Alexander Mejia was driving home from work when a hit-and-run-car accident caused life-threatening injuries to his brain and heart. He was transported to Ryder Trauma Center at UM/Jackson Medical Center, where an initial evaluation showed severe damage to the aortic arch just above his heart near all the arteries that supply blood to the brain.
“I remember driving home and having an accident, and after that I remember nothing.” said Mejia, a Miami resident who was 39 at the time of the 2016 accident. “When I woke up in the emergency room, I heard the doctors saying my life was over.”
Fortunately, Mejia received innovative, life-saving treatment from Jorge Rey, M.D., an experienced vascular surgeon with UHealth – the University of Miami Health System, and three years later he is enjoying life with his family.
After seeing Mejia in the trauma center on the day of the accident, Dr. Rey was determined to keep his patient alive. “When I met Alex, he had a rare and critical injury to his thoracic aorta and significant bleeding in his brain,” said Dr. Rey. “He was deemed as either high risk versus not treatable at all because of the severity of both conditions. It was almost impossible to do it the standard way without thinking outside the box. I felt that I could not let him die.”

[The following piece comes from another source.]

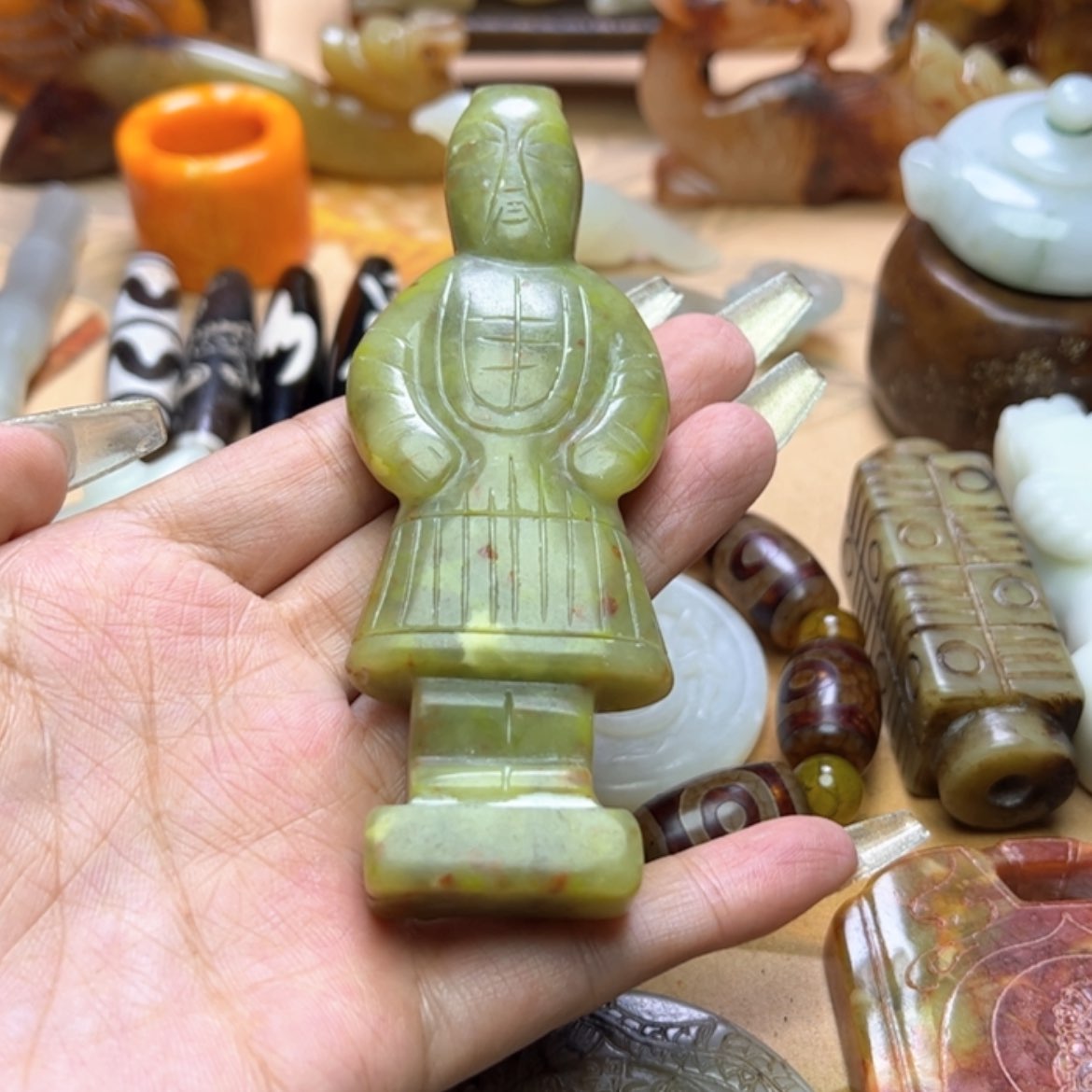 【闪购商品】蛇纹石玉颈饰未镶嵌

Working quickly in a life-or-death situation, Dr. Rey led a UHealth vascular surgery team that performed a first-of-its-kind emergency thoracic endovascular aortic repair (TEVAR). To control the bleeding in Mejia’s chest, he had to cover the arteries that feed the brain temporarily while the repair procedure was completed. To do that, Dr. Rey connected a femoral artery from the leg as a temporary bypass to both carotid arteries in the neck. Then he used an endovascular procedure to deliver a standard stent from the groin to the injured aortic arch, at the point where the aorta turns down after leaving the heart.

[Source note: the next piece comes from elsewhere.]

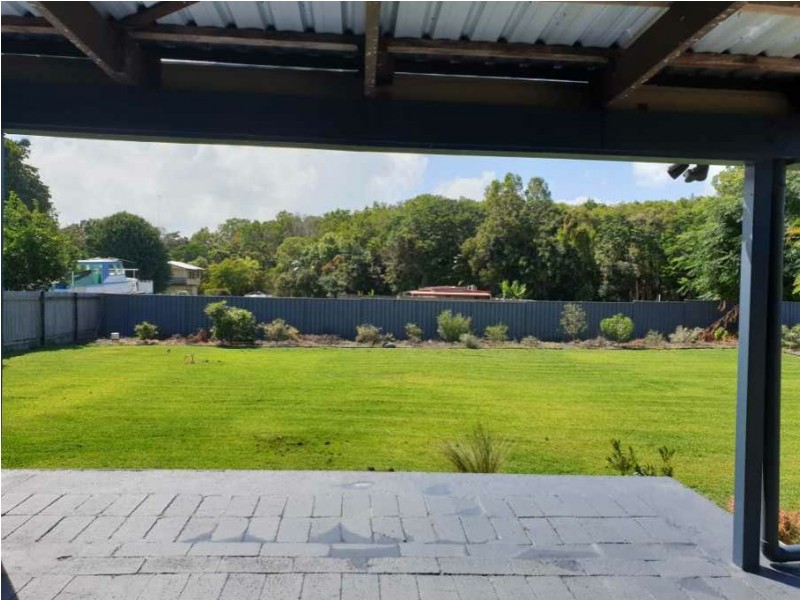 428-430 Varley St, Yorkeys Knob QLD 4878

“The stent was designed to be placed in the artery at a point where there are no branches,” said Dr. Rey. “But in Alex’s case, the aortic artery was damaged right where there were major branches, so simply placing the stent would have closed off the blood flow to the brain.”
After placing the stent over the entire aortic arch, Dr. Rey used a laser catheter to open holes in the device and allow blood to flow to the arteries that feed the brain. He was also able to do the procedures without using blood thinners – another innovative aspect of Mejia’s treatment.

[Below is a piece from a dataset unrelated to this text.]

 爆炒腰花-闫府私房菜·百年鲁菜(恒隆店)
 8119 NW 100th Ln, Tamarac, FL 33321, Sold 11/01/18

“Our team has deep expertise in doing these kinds of traumatic aorta procedures without blood thinners,” said Dr. Rey. “That’s important, because blood thinners could have made his injuries worse.”
Due to the unusual nature of Mejia’s treatment, Dr. Rey was the lead author of a case report, “Successful Revascularization of Aortic Arch in a 39-Year-Old Blunt Trauma Patient with Acute Diffuse Axonal Injury without the Use of Systemic Anticoagulation,” published May 9, 2017, in the Annals of Vascular Surgery.
In the report, Dr. Rey noted that blunt traumatic aortic injury is the second leading cause of death in trauma patients age 4 to 34, and mortality rates as high as 40 percent have been reported. “Traditionally, on pump, cardiopulmonary bypass with systemic anticoagulation has been used to repair these injuries,” he wrote. “This case demonstrates the viability of a hybrid vascular repair of a complex aortic disruption without the use of systemic anticoagulation. Further research is warranted on whether anticoagulation can be performed in a similar fashion to safely reduce the morbidity and mortality associated with aortic disruptions.”
Thanks to Dr. Rey’s quick thinking, willingness to try an experimental approach and ability to treat highly challenging vascular problems, Mejia got a new lease on life. “When I wake up in the morning and see my daughter, I say ‘thank God’ and ‘thank you Doctor,’” he said. “Without Dr. Rey, I wouldn’t be here today.”